[Provided data]
----
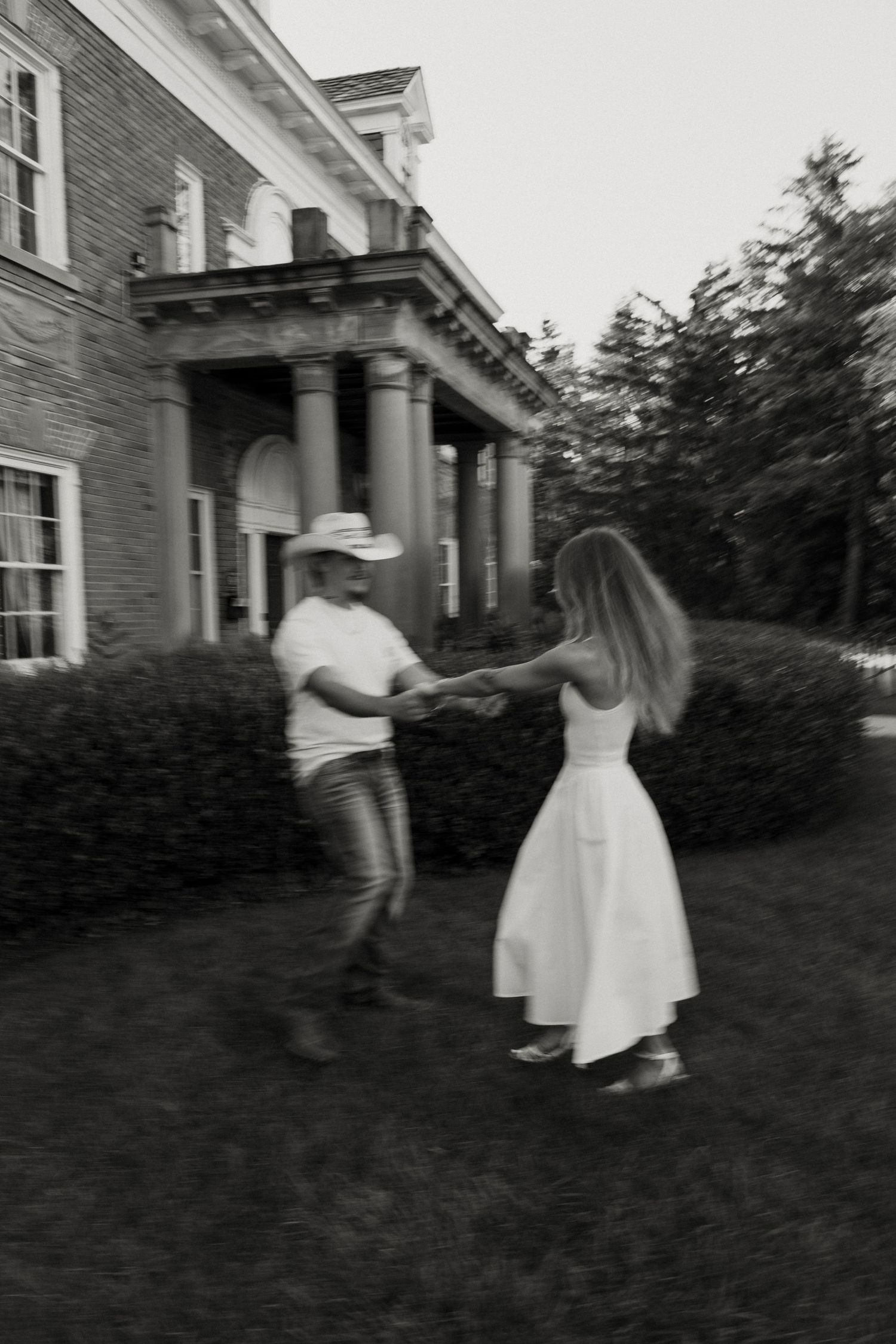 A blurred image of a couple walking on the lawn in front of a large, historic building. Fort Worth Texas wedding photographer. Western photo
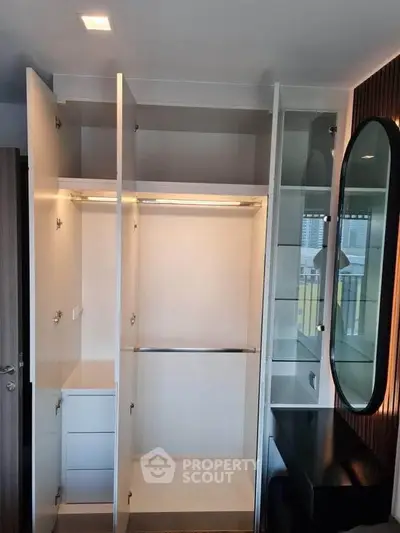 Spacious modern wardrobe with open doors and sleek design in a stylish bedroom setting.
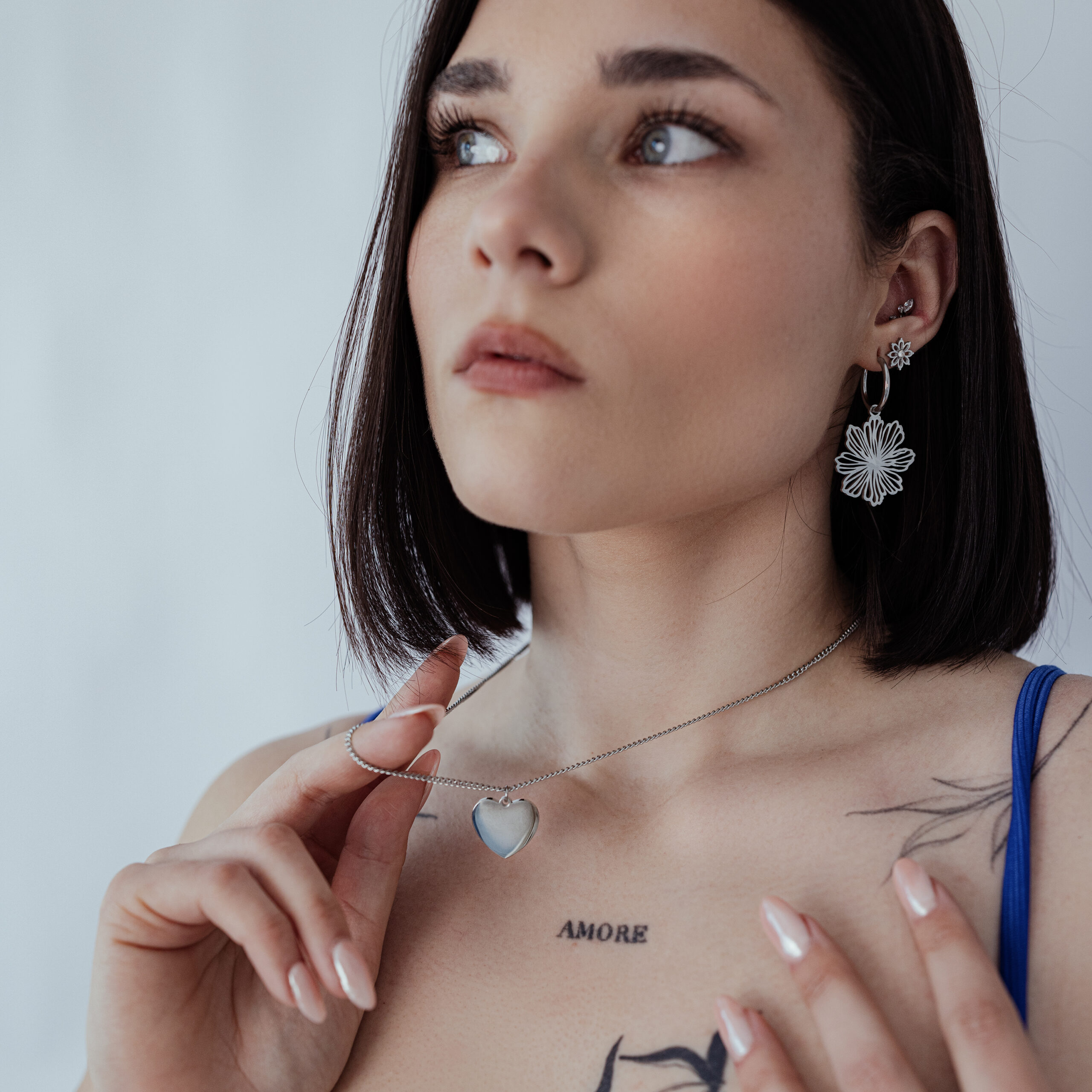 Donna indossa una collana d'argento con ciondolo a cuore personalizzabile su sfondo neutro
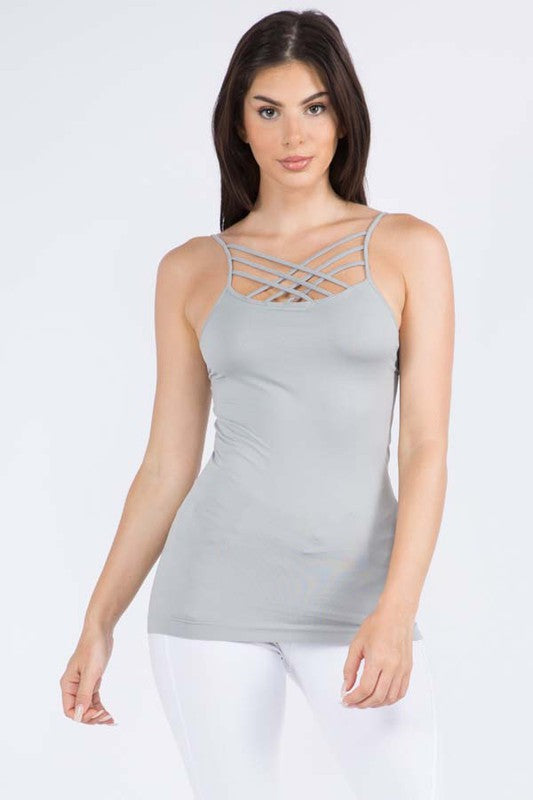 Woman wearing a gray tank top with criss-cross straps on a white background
----
[Exercise] Output the lines of the data exactly, starting at the first and ending with the line that has "Donna indossa una". Pictures are not part of it.

[Solved exercise]
 A blurred image of a couple walking on the lawn in front of a large, historic building. Fort Worth Texas wedding photographer. Western photo
 Spacious modern wardrobe with open doors and sleek design in a stylish bedroom setting.
 Donna indossa una collana d'argento con ciondolo a cuore personalizzabile su sfondo neutro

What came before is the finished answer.